The hot hand-CS 209a Project

Overview

“I made the first one, I said, 'Let me see if I can make two.'
I made the second one, I said, 'Let me see if I can make three.'
I MADE THE THIRD ONE, I SAID, 'I’VE GOT A RHYTHM GOING.'”
-Kobe Bryant, on setting NBA single-game 3-point record

Across the game of basketball, players, coaches, and fans almost unanimously believe in the “hot-hand” phenomena: sometimes a player simply can’t miss. This phenomena is easily understood in the game of basketball, but describes in general a pattern in the human decision making process. We often attribute recent and consistent success at work, school, or some other activity to something beyond chance by saying “That person is on fire.”

Until recently, the “Hot Hand Theory” was touted as the “Hot Hand Fallacy” by prominent cognitive psychologists and statisticians, chalked to an example of humans’ tendency to misunderstand randomness. Specifically, people tend to assume that the Law of Large Numbers applies to local trials, or a fallacious “Law of Small Numbers.”

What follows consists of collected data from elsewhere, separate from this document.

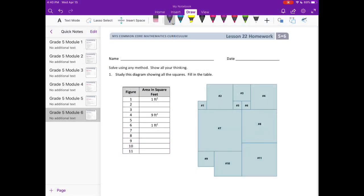Grade 5, Module 6, Lesson 22 Homework. Solve using any method, show all your thinking. Number 1.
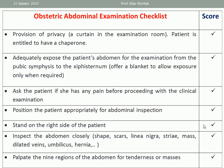Provision of privacy is very important. A curtain in the examination room is important. Please respect the privacy of the patient, confidentiality and dignity. The patient is entitled to have a chaperone — chaperone may be formal or informal, a companion, or someone from the medical staff such as a nurse.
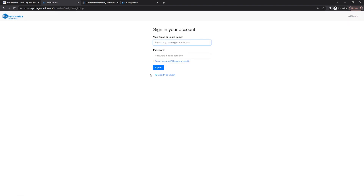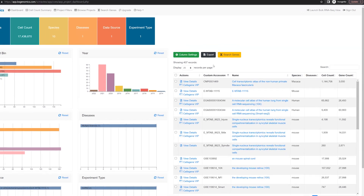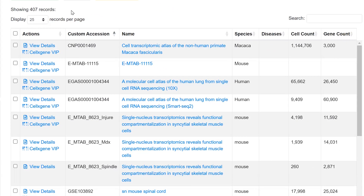We highly recommend that you create your own free account so you can save your results. But for the demo, we'll just sign in as guests. Within the scRNA view system, we have already preloaded over 400 single-cell RNA-seq datasets.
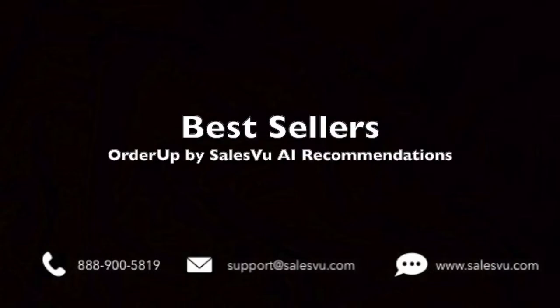Hi! In this video, we will show you how you can show your best sellers on OrderUp by SalesVU.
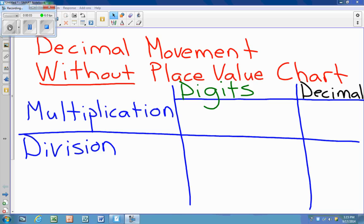This is the video for Lesson 8 in Module 1, Place Value and Decimal Fractions. Today's lesson is on decimal movement without a place value chart. Yesterday we learned how to use a place value chart to solve these problems, and today we're going to do this without a place value chart.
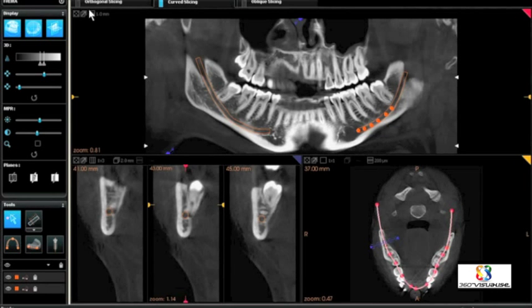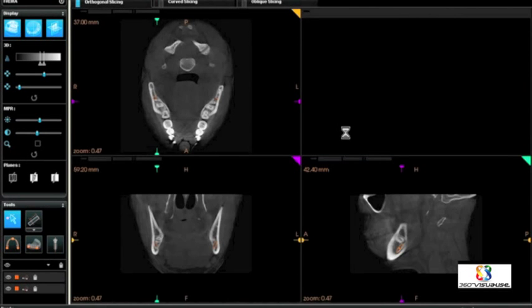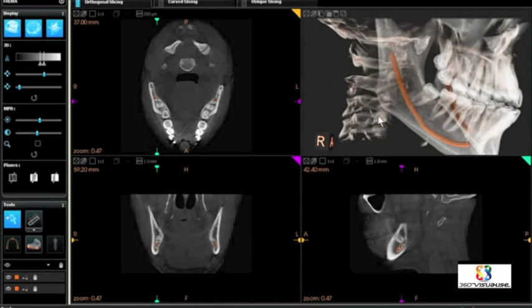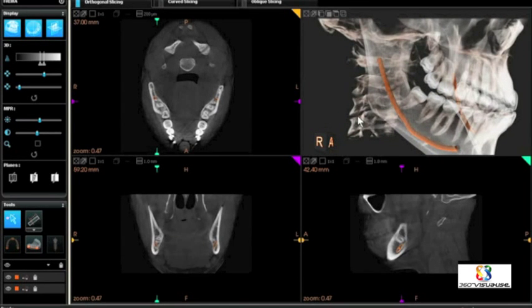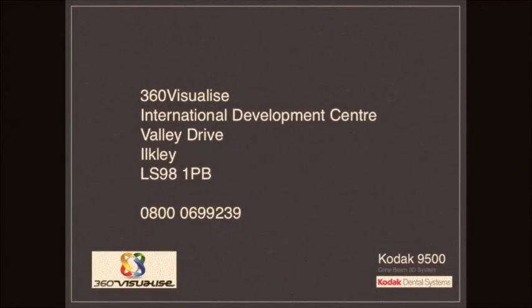At this point, we'll go back to the orthogonal slicing, which allows us to visualize the nerve canal in the three-dimensional volume. As you can see, the nerve canal is also clearly visible in the axial, coronal, and sagittal views. That concludes the short presentation on this particular patient and how three-dimensional imaging really helps to better visualize the patient. Thank you.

In our project, we are going to test if the hot hand theory is a true phenomena or just based on luck. Our work flow is showed bellow:

Data Exploration

Basic Data

To examine this theory, we used the data from Kaggle, including the 2013-2014 Season NBA stats. The data includes a lot of detailed information about one shot, such as game index, matchup, match results, player name, technological stats about the shot (points, shot type, result, shot time, distance, etc.). The original data is 128070 rows times 21 columns.

Extra Data

Though the original data set contains a lot of information about the shots, however, the information about the players themselves are not included. To get extra information such as height, weight, age and so on, we scrapped data from the following website: http://www.basketball-reference.com/players/.

Exploratory Analysis

First, we would like to see how the shot accuracy and numbers of shots per player per game distributed across the data. This is because we need to decide how much shots a player made per game can give reliable information. For example, if a player only plays very few matches in that season, his stats are not reliable due to randomness. Also, if the player made only one shot or two, we cannot determine the next goal based on previous shot or purely luck for lacking the empirical knowledge. The following histograms showed the distribution of numbers of matches the players played and how many shots they made in each game. The scatter plot shows the relationship of accuracy over numbers of attempts. Since the minimum number of games is 27, those data are quite reliable. By the scatter plot of accuracy over numbers of attempts, we get some intuitive understanding of the data. We found that the high-attempts shooters have more stable accuracy than the low-attempts shooters. The shooters has small amounts are more likely to have extreme accuracy (0% or 100%). This enlightens us to consider these two kinds of players differently. Based on the mean of shots per game, we divided players in two groups: high-volume shooters (attempts to shoot more than mean per game) and low-volume shooters (attempts to shoot less than mean per game).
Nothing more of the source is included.